Action item
The reply should hold every record, copied exactly, and none of the pictures.

Dataset content
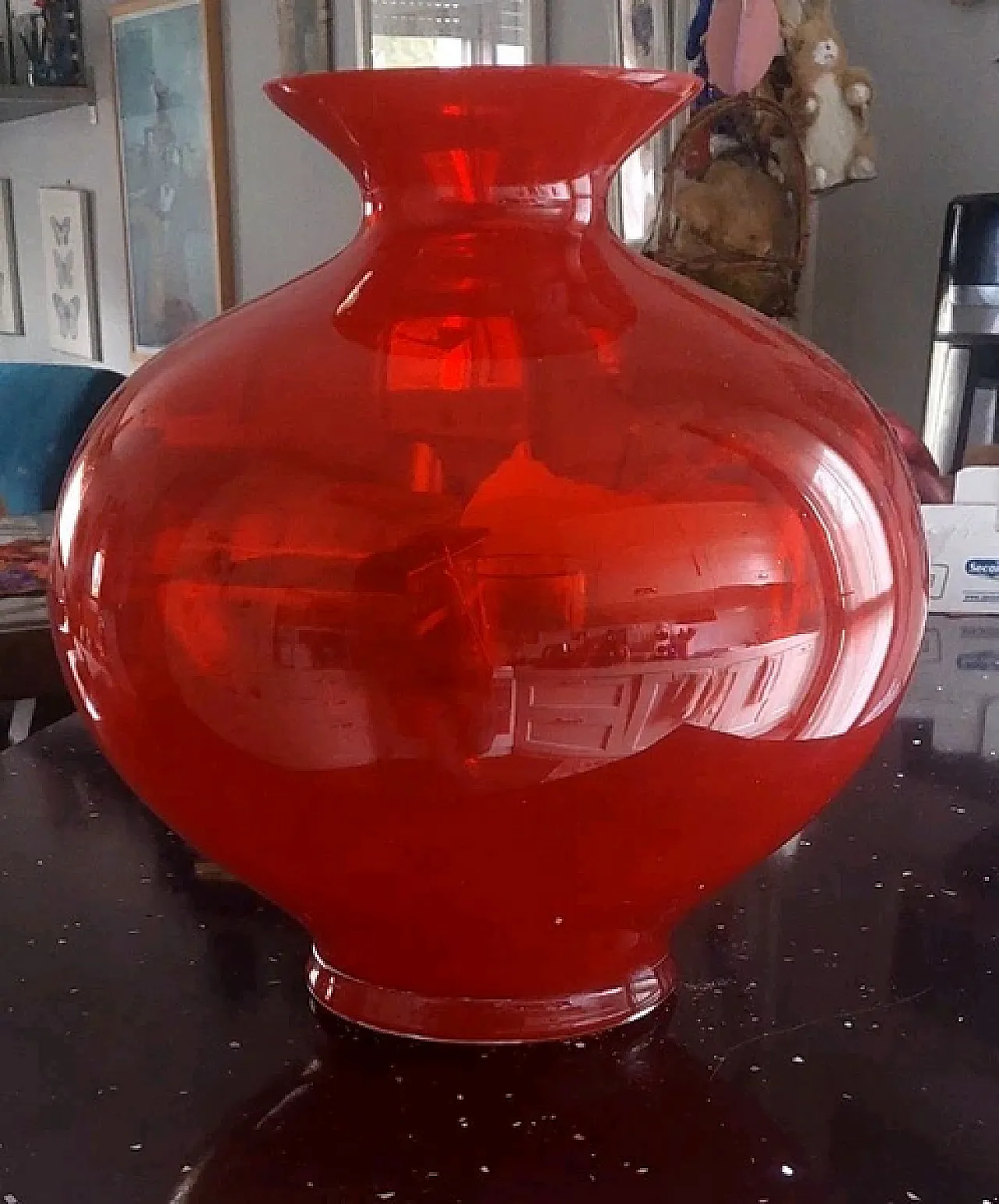 Grande vaso in vetro soffiato rosso, '900 2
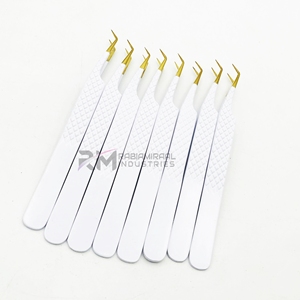 Pince à épiler RMI Gold Tip & White Diamond Grip Pince à épiler d'extension de cils en acier inoxydable durable Pince à cils personnalisée - Product Image 2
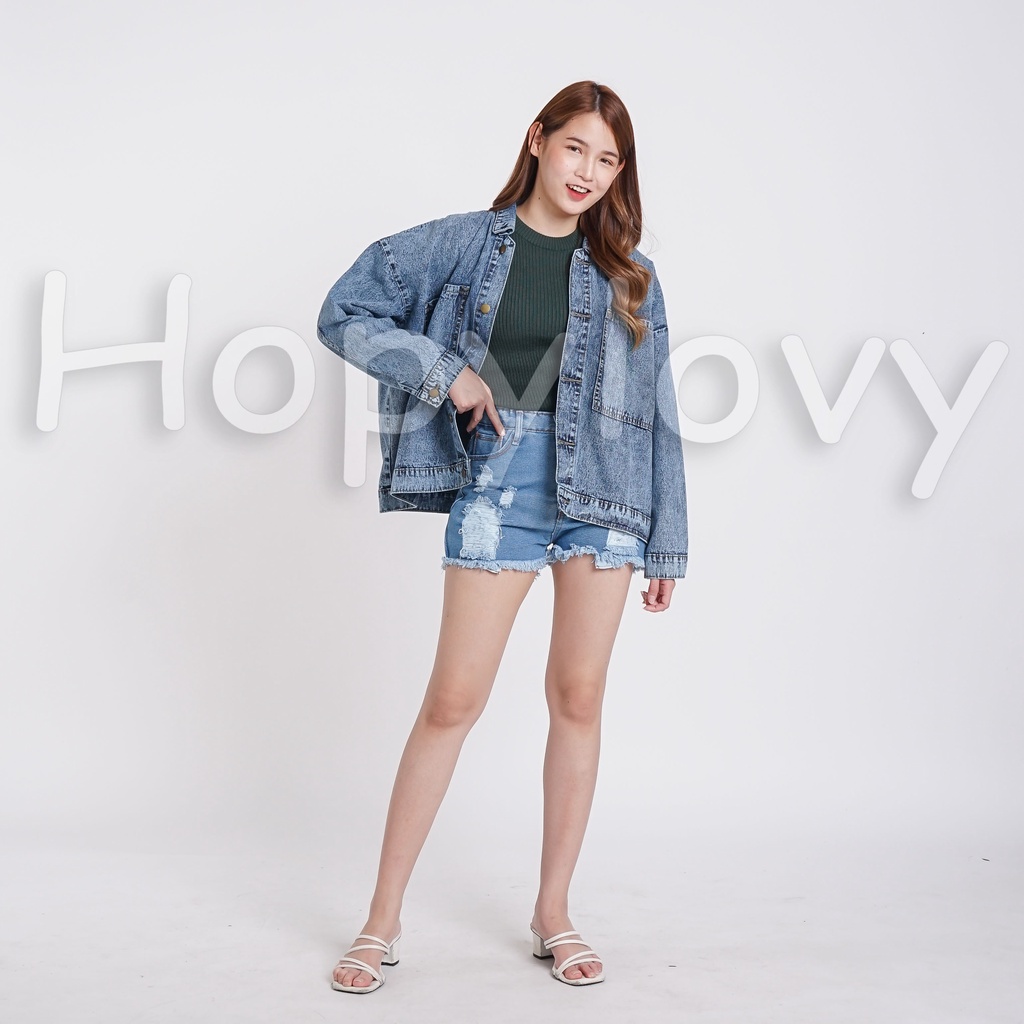 HOPYLOVY Jaket Jeans Wanita Oversize Kantong Besar Snow Acid Malorie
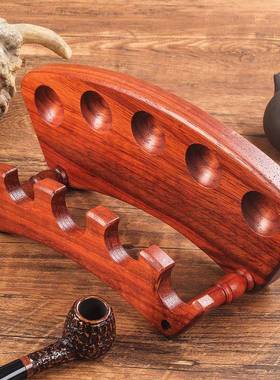 花梨木斗烟架座实木便斗p042001携烟男士烟烟具配件创意扇形五位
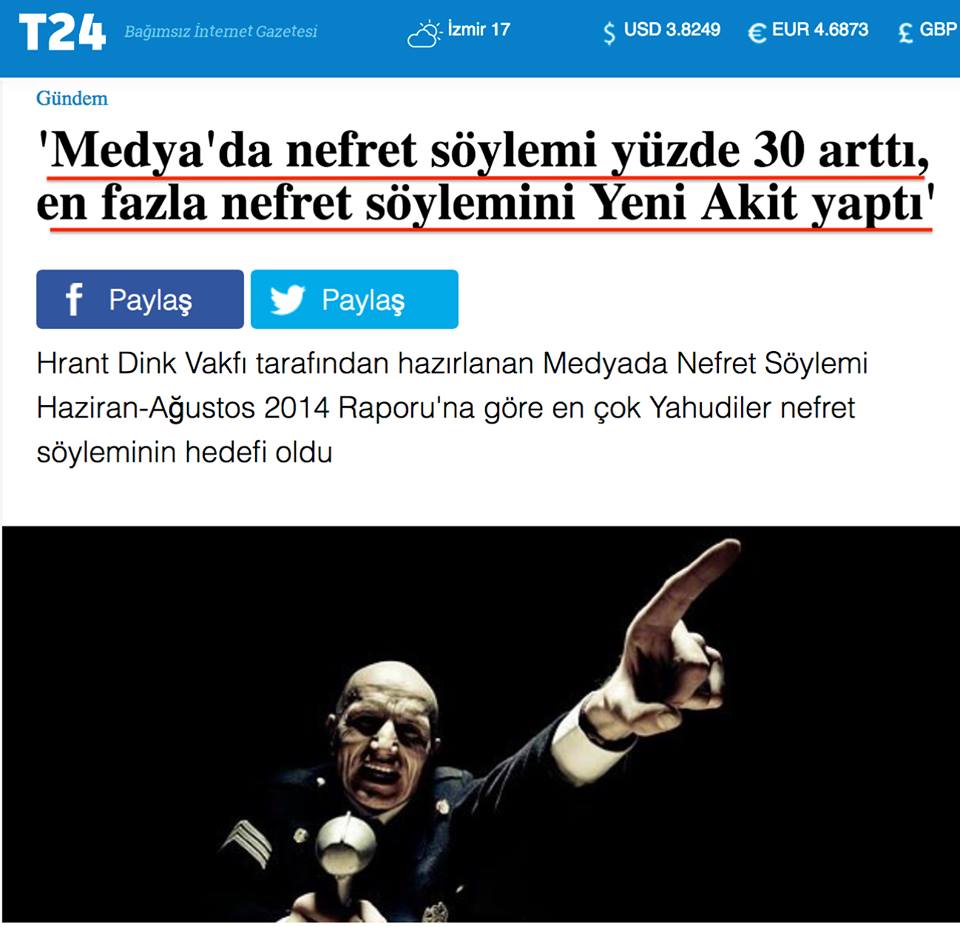 Milletimiz sevgiyi/birliği savunurken, Atatürkçüsü, Alevisi, Sünnisi, Kürdü, Türkmeni, başörtülüsü, dekoltelisi, çarşaflısı, ateisti, Musevisi, Hristiyanı, solcusu, sağcısı tüm Türk Milleti birlik olsun diye çabalarken, Akit ise nefret söylemiyle ortaya çıkyor. <a href="/Akparti/">AK Parti</a> <a href="/ahmethc/">ahmet hakan</a>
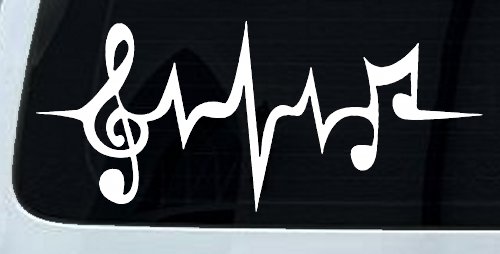 Music Notes in a Heartbeat Music Car or Truck Window Decal Sticker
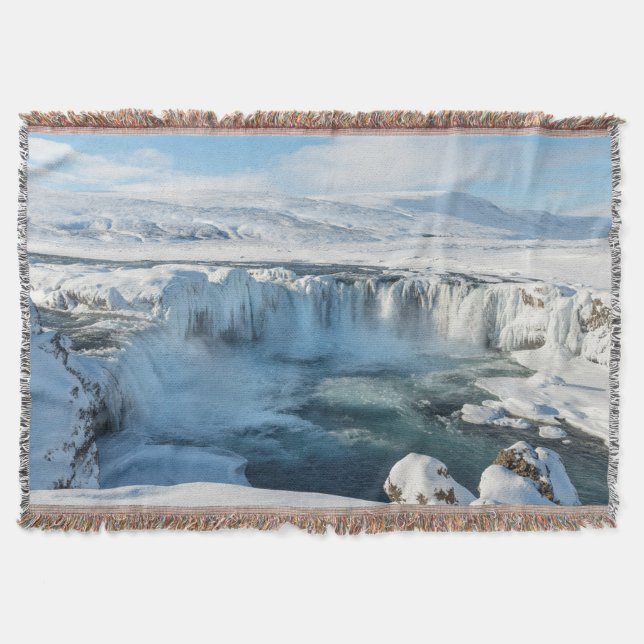 Godafoss Waterfall Landscape Throw Blanket (Front)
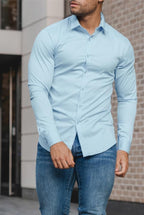 Heren Slim-Fit Kreukvrije Stretch Overhemd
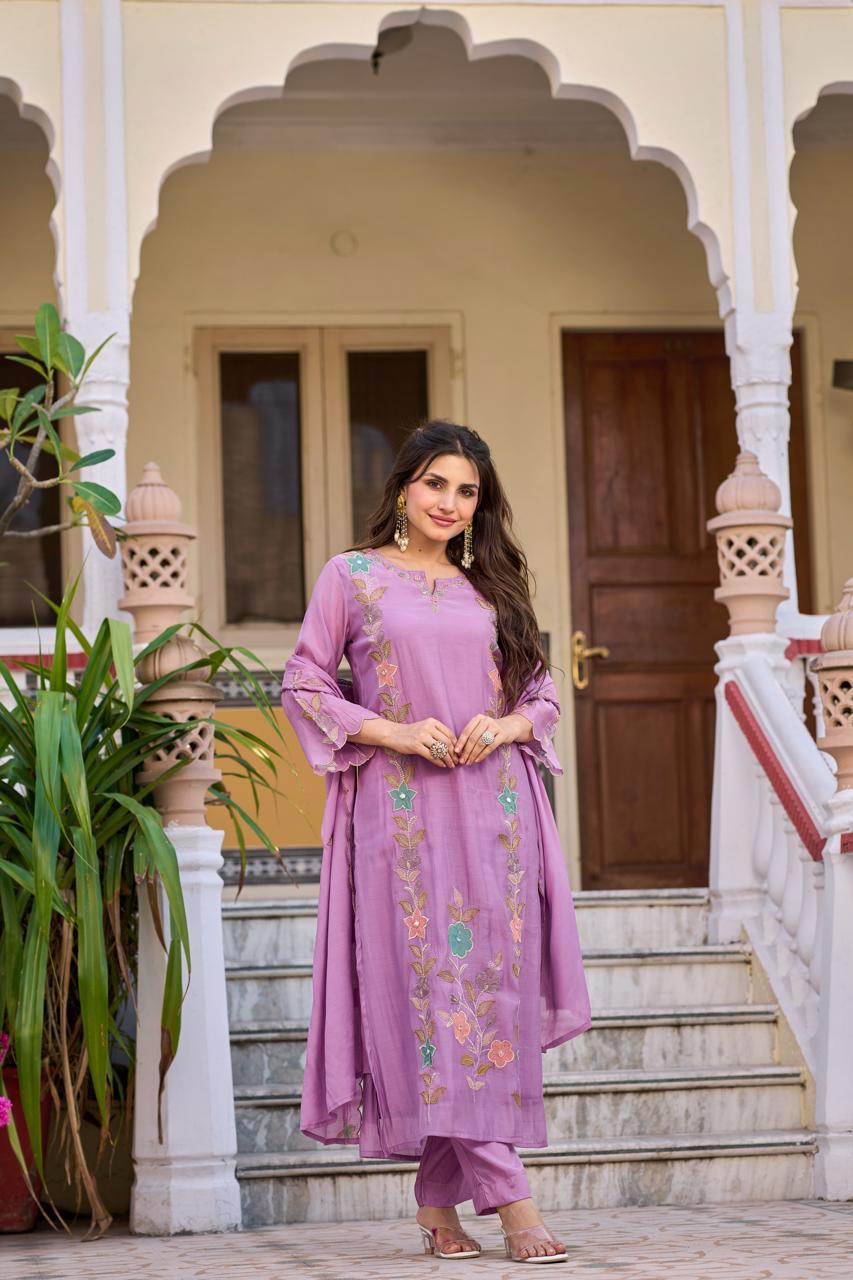 Applique work lilac Mul chanderi suit set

Response to this task
 Grande vaso in vetro soffiato rosso, '900 2
 Pince à épiler RMI Gold Tip & White Diamond Grip Pince à épiler d'extension de cils en acier inoxydable durable Pince à cils personnalisée - Product Image 2
 HOPYLOVY Jaket Jeans Wanita Oversize Kantong Besar Snow Acid Malorie
 花梨木斗烟架座实木便斗p042001携烟男士烟烟具配件创意扇形五位
 Milletimiz sevgiyi/birliği savunurken, Atatürkçüsü, Alevisi, Sünnisi, Kürdü, Türkmeni, başörtülüsü, dekoltelisi, çarşaflısı, ateisti, Musevisi, Hristiyanı, solcusu, sağcısı tüm Türk Milleti birlik olsun diye çabalarken, Akit ise nefret söylemiyle ortaya çıkyor. <a href="/Akparti/">AK Parti</a> <a href="/ahmethc/">ahmet hakan</a>
 Music Notes in a Heartbeat Music Car or Truck Window Decal Sticker
 Godafoss Waterfall Landscape Throw Blanket (Front)
 Heren Slim-Fit Kreukvrije Stretch Overhemd
 Applique work lilac Mul chanderi suit set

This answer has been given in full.